- [PROMPT] Take the lines from the one with "Dealtron 2026 All-in-One" through the last line of the material below and write them out exactly, without any pictures.

- [PROVIDED INFORMATION]
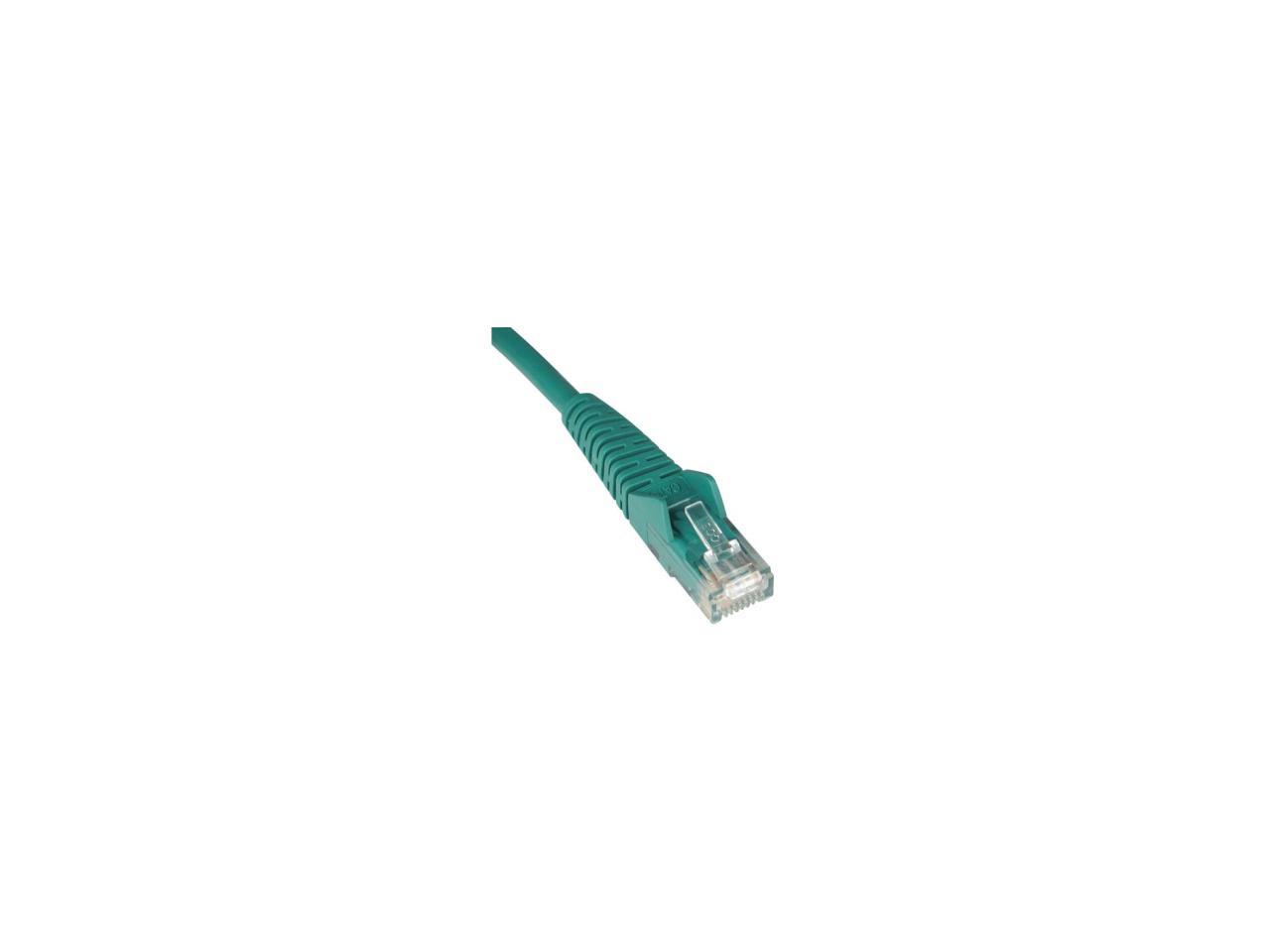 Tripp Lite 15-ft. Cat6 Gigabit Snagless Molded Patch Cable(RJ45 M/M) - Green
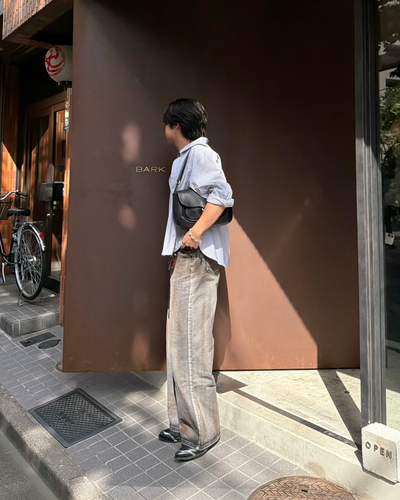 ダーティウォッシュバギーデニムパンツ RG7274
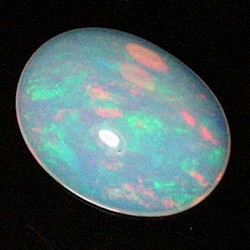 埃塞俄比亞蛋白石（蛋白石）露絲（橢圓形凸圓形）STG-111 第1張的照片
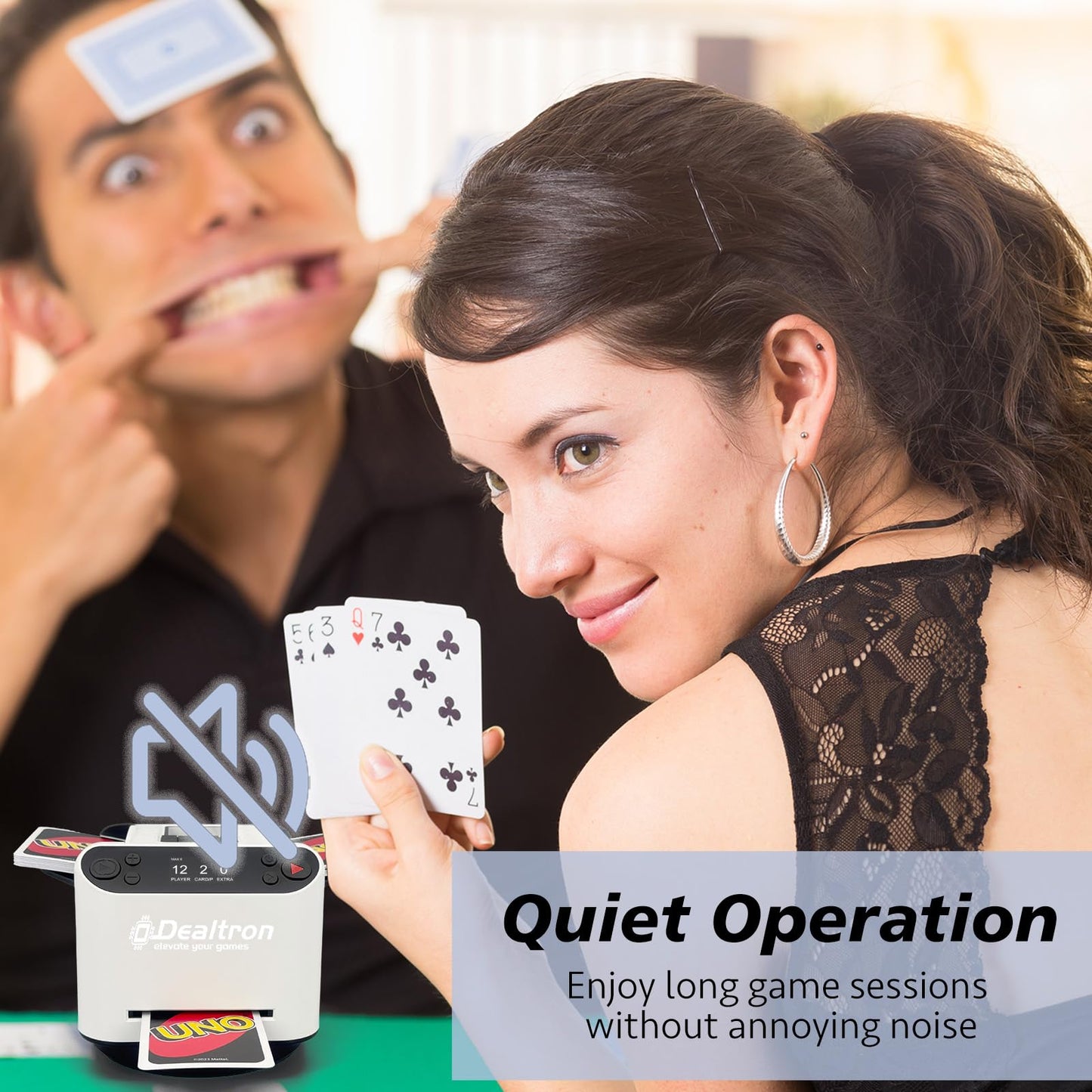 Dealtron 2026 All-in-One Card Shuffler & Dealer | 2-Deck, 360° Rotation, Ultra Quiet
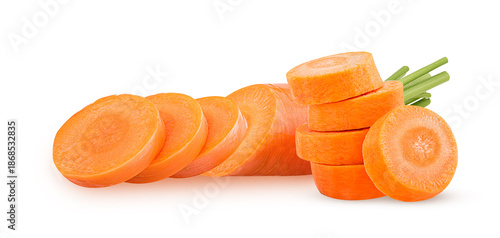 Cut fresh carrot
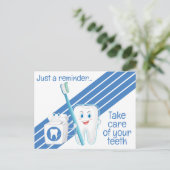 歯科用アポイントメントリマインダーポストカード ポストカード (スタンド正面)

- [EXERCISE ANSWER]
 Dealtron 2026 All-in-One Card Shuffler & Dealer | 2-Deck, 360° Rotation, Ultra Quiet
 Cut fresh carrot
 歯科用アポイントメントリマインダーポストカード ポストカード (スタンド正面)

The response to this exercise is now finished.